Response surface of the final time product concentrations (\(t_{f} = 17\) h) at an initial biomass concentration of 25 g/kg obtained from the true process model and the CCD-, BBD-, and DD bootstrap-aggregated hybrid models. In addition, the standard deviations of the predictions are presented

Conclusions

This study investigated a hybrid-modeling method that combines mechanistic modeling with machine-learning methods to extract knowledge from data. In particular, a bootstrap-aggregated hybrid-modeling framework was studied to reduce the bias of the training and validation data choice, which is particular pronounced for small data sets with distinct changes in conditions, such as data obtained from statistical design of experiments. Three synthetic data sets of an E. coli fed-batch process generated by three distinct designs (central composite design, Box–Behnken design, and Doehlert design) were used to compare the different methods. Taking all results together, it may be concluded that the proposed bootstrap aggregation framework significantly increases the predictive power of hybrid semi-parametric models when the data are obtained by statistical design of experiments.
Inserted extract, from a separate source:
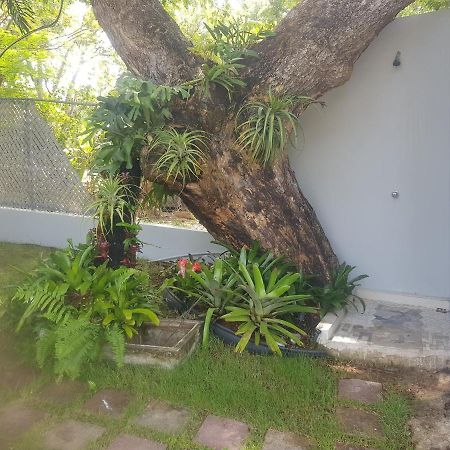 Always Summer Inn Isla Culebra Exterior foto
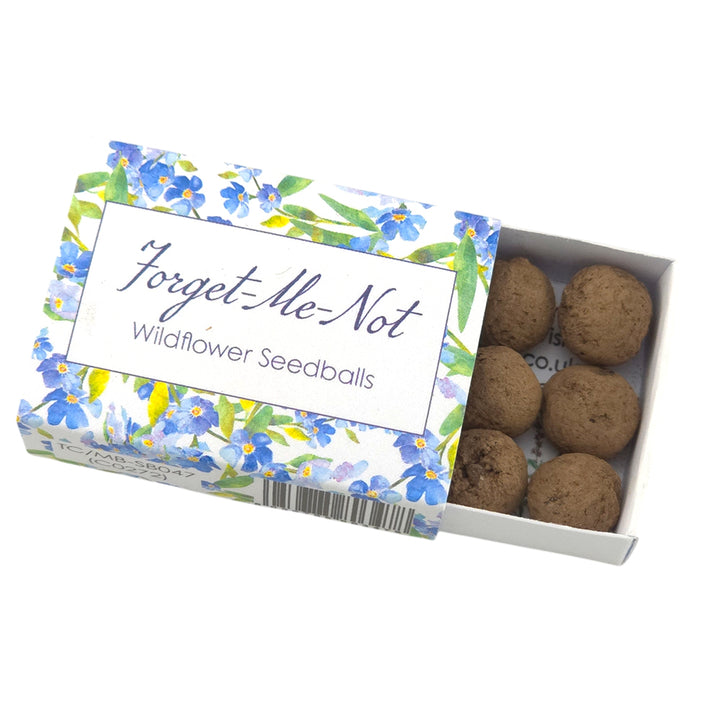 Watercolour Forget Me Not | Seedball Matchbox | Cracker Filler | Mini Gift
This advantage is vital in a context of bioprocess development, because optimal operating conditions can be more accurately predicted by the hybrid model at each process development stage, thus globally reducing the experimental effort for process development. The ability to easily compute reliable error bounds of a dynamical system and for different model parts is particularly interesting for process monitoring and process optimization/control. Online decisions can be made not only on the basis of a profit function, but also on a quantitative measure of the reliability of predictions. The main downside is of course the increased computation time, which can be roughly estimated to be \(n_{\text{boot}}\) times higher (in our case 14 times higher) when compared to not doing bootstrap aggregation. However, with the ever-increasing computation power, this disadvantage is not seen as a severe limitation in practice. In the future, it should be studied whether other aggregation methods than averaging, e.g., data-domain-specific model prediction weighting (stacking or boosting alike) can improve the prediction performance even further.